**Entries shown**
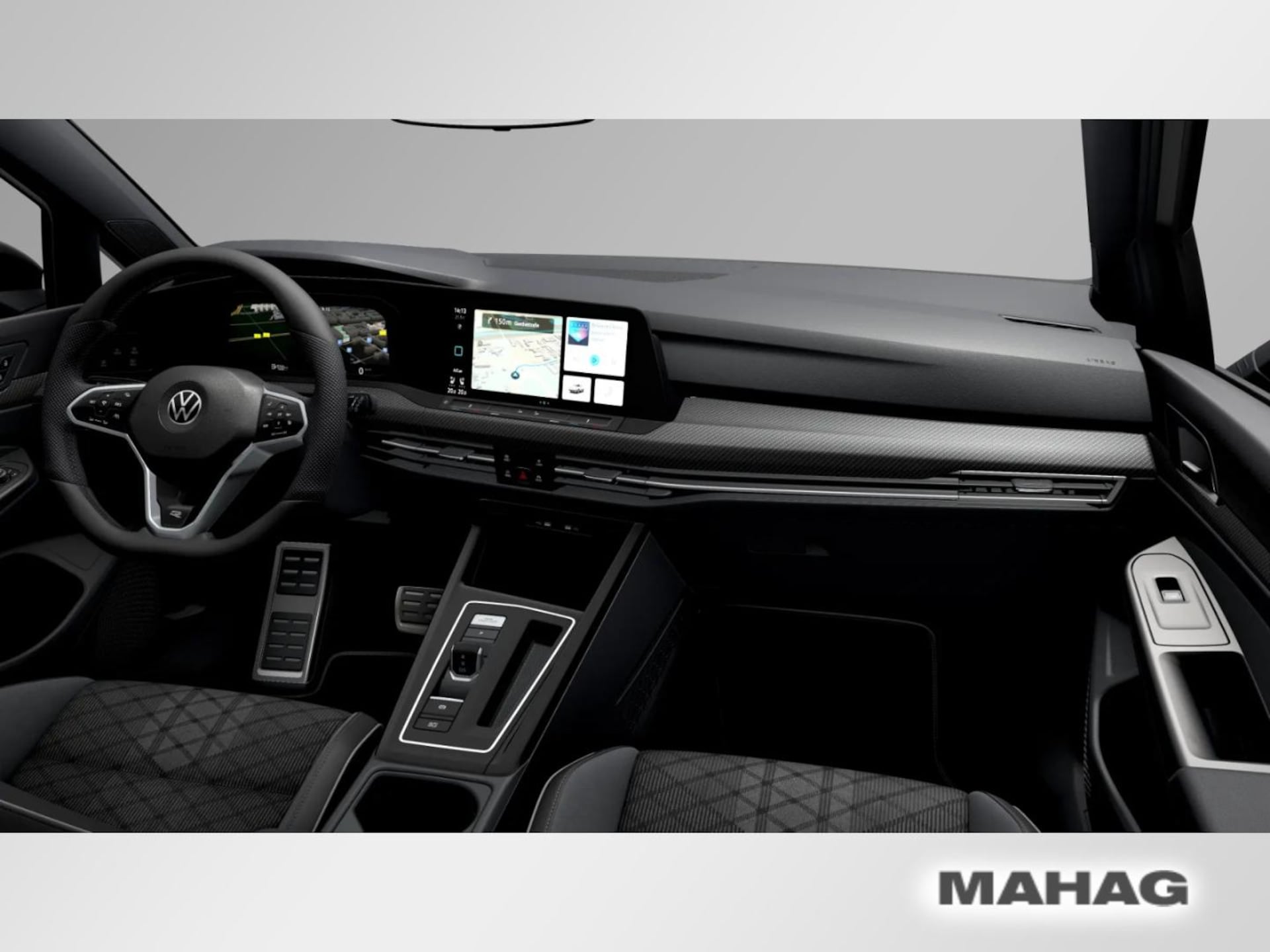 Volkswagen Golf R-Line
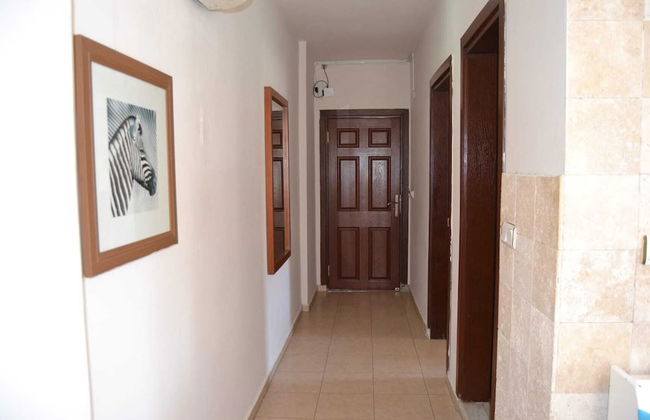 SAFARİ SUİT APART HOTEL - Foto 41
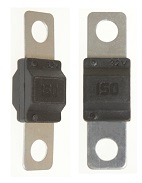 Предохранитель abf-405 ленточный с изолятором 150a (40,8x12,1мм,d5,6мм) - Nord Yada 904634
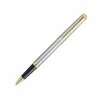 Waterman - Hemisphere Stainless Steel GT Rollerball Pen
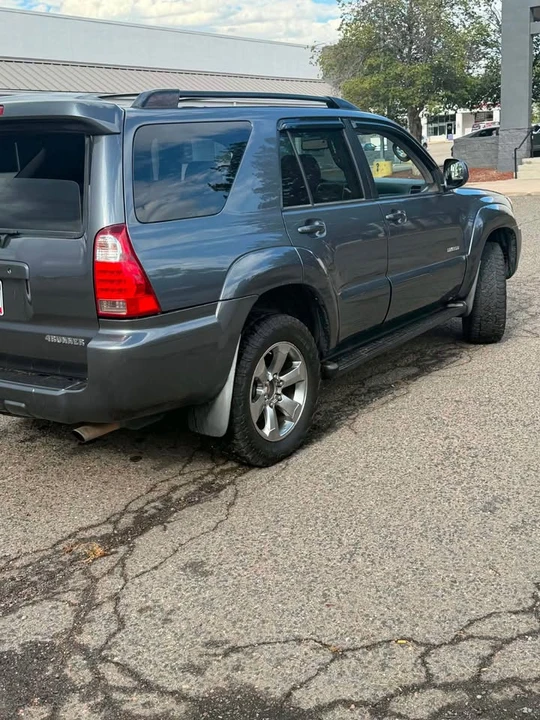 2007 Toyota 4Runner 4th Gen - Image 9 of 18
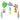 Taf Toys Mobile - Tropical Orchestra Arch โมบายเด็ก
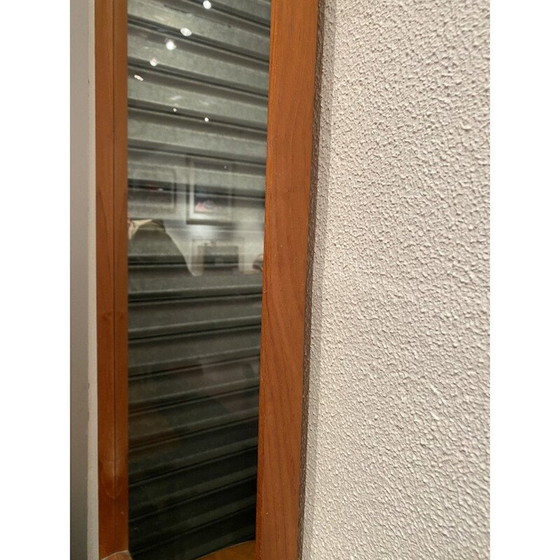 Image 1 of Spiegel aus Palisanderholz, USA 1975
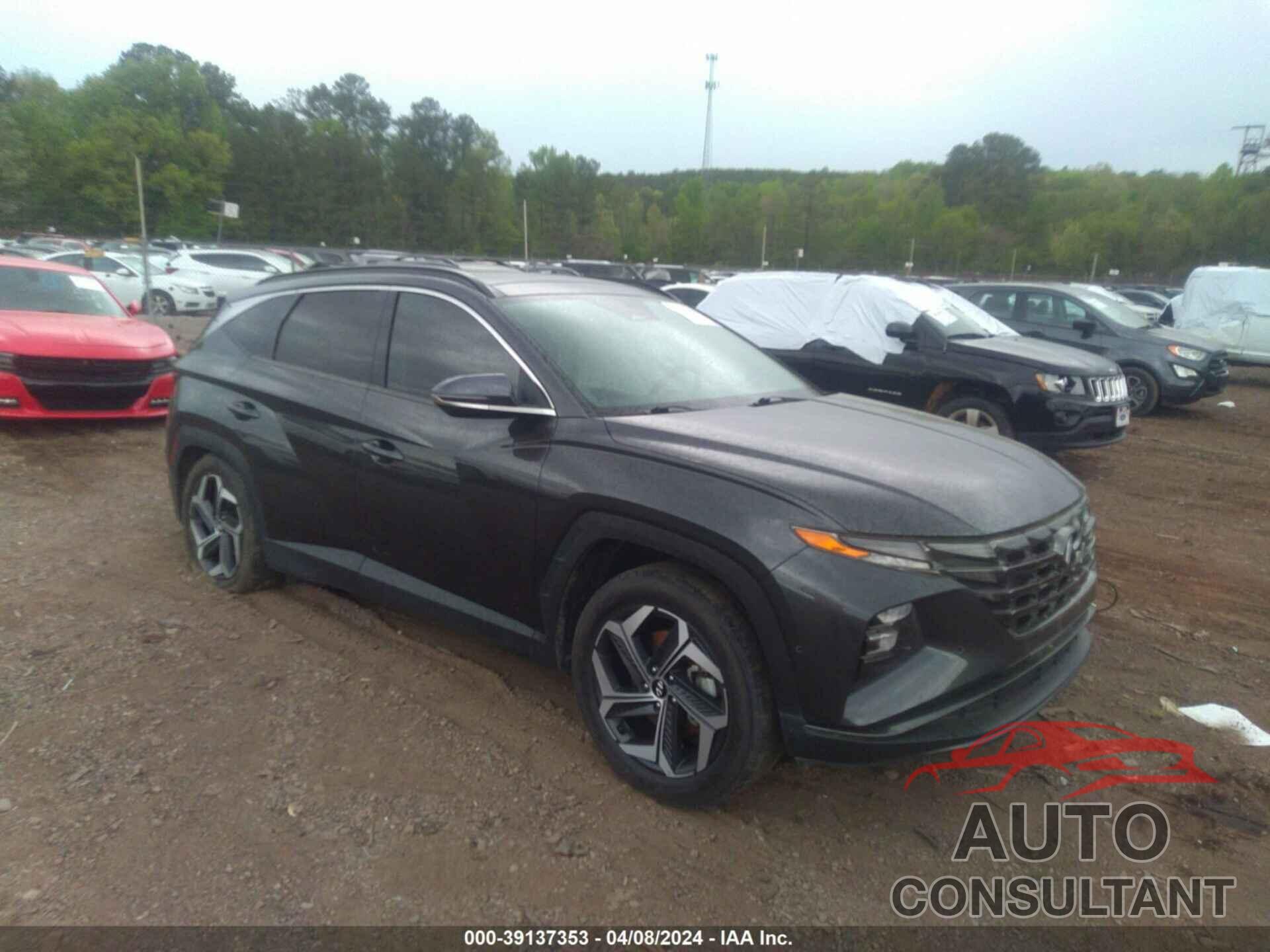 HYUNDAI TUCSON 2022 - 5NMJE3AE8NH067051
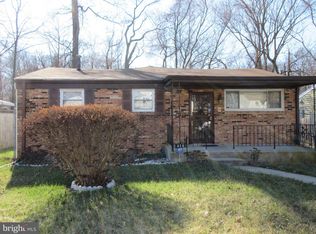 414 Birchleaf Ave, Capitol Heights, MD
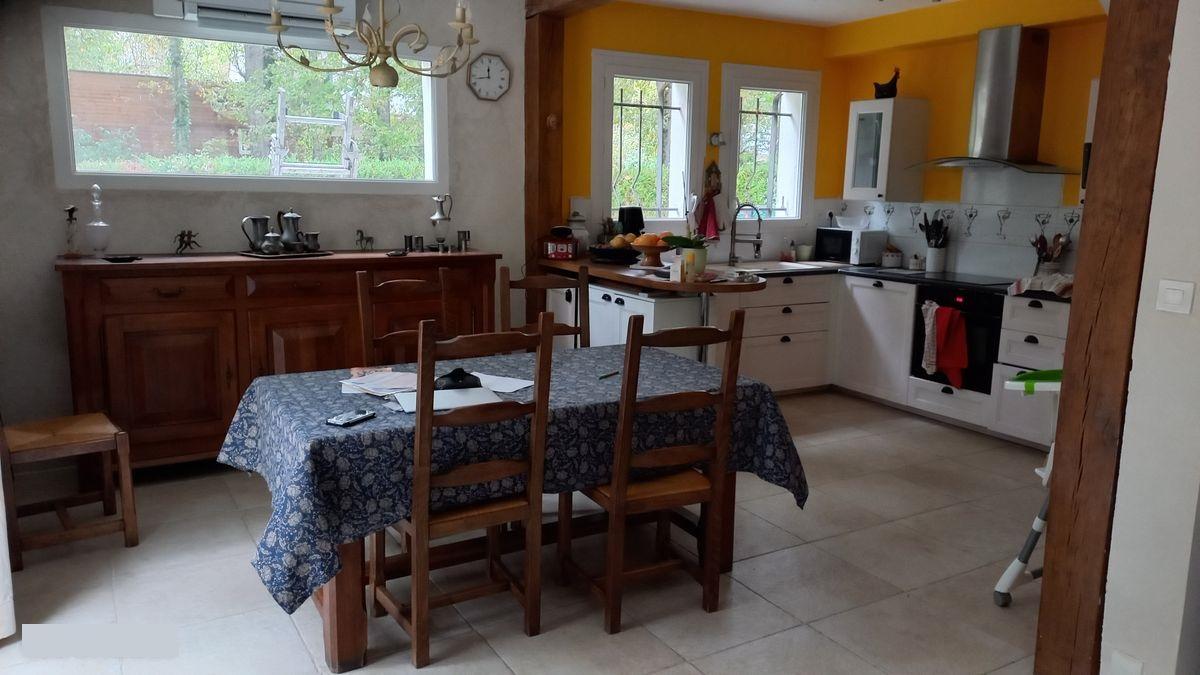 Vend maison - Photo 1 - La Membrolle-sur-Choisille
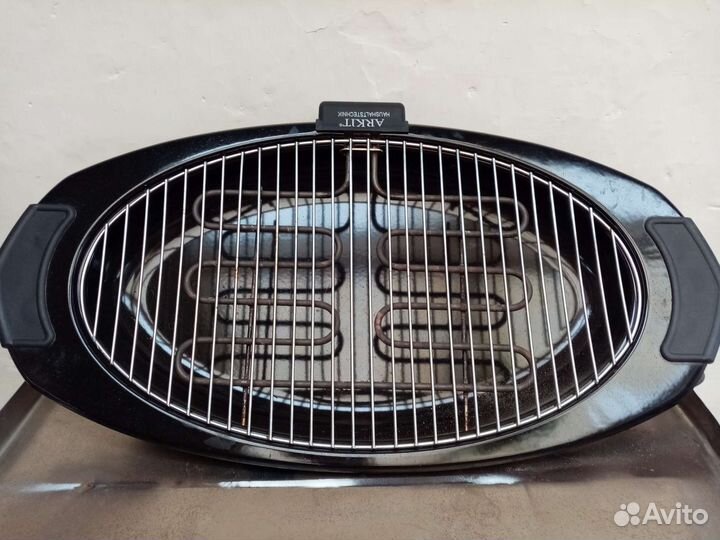 Электрогриль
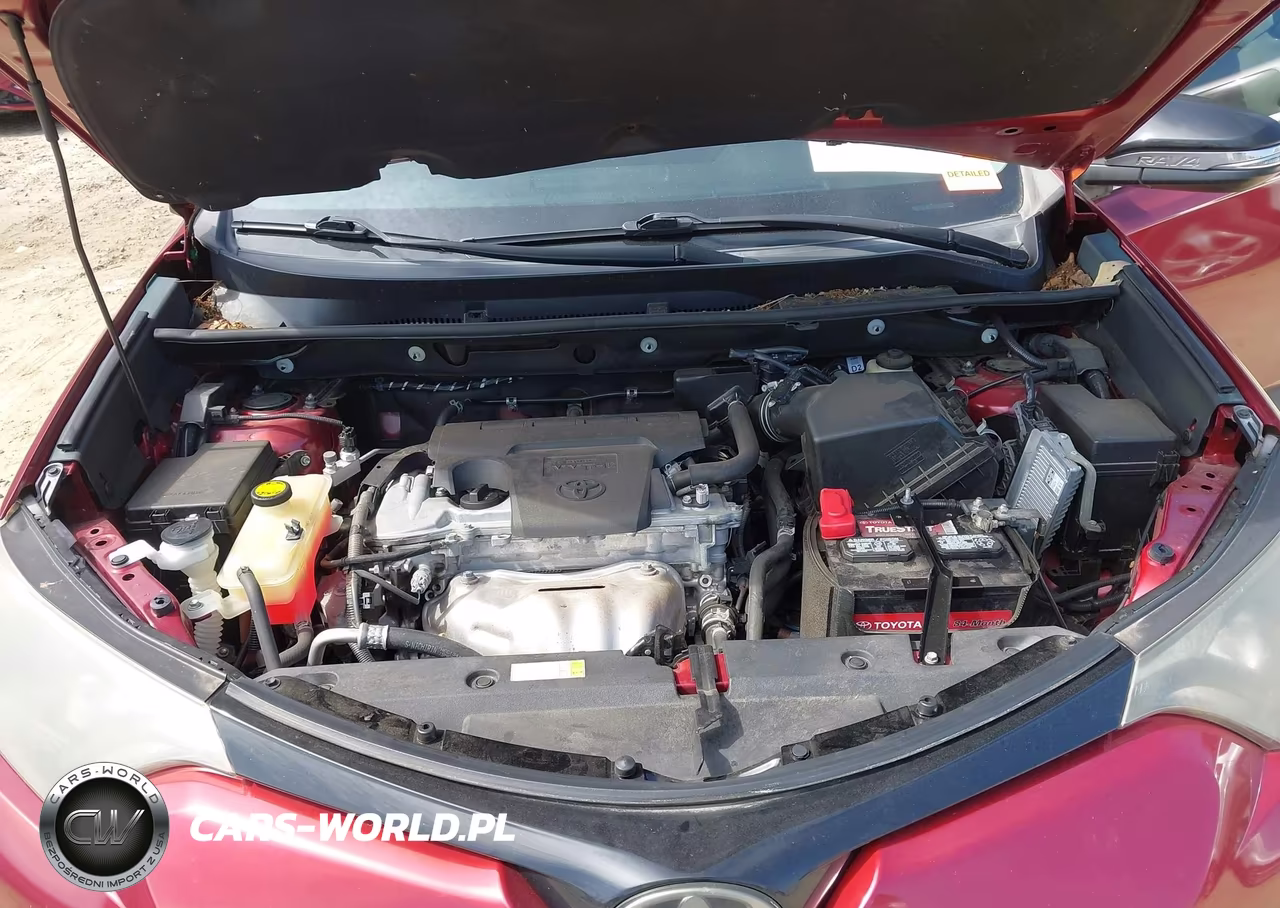 2018 Toyota Rav4 Adventure VIN:2T3WFREV6JW456308 - 10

**Work instructions**
The required output is the span of lines from the line with "414 Birchleaf Ave, Capitol Heights, MD" through the final line of the listing above, reproduced exactly, minus the pictures.

**Task response**
 414 Birchleaf Ave, Capitol Heights, MD
 Vend maison - Photo 1 - La Membrolle-sur-Choisille
 Электрогриль
 2018 Toyota Rav4 Adventure VIN:2T3WFREV6JW456308 - 10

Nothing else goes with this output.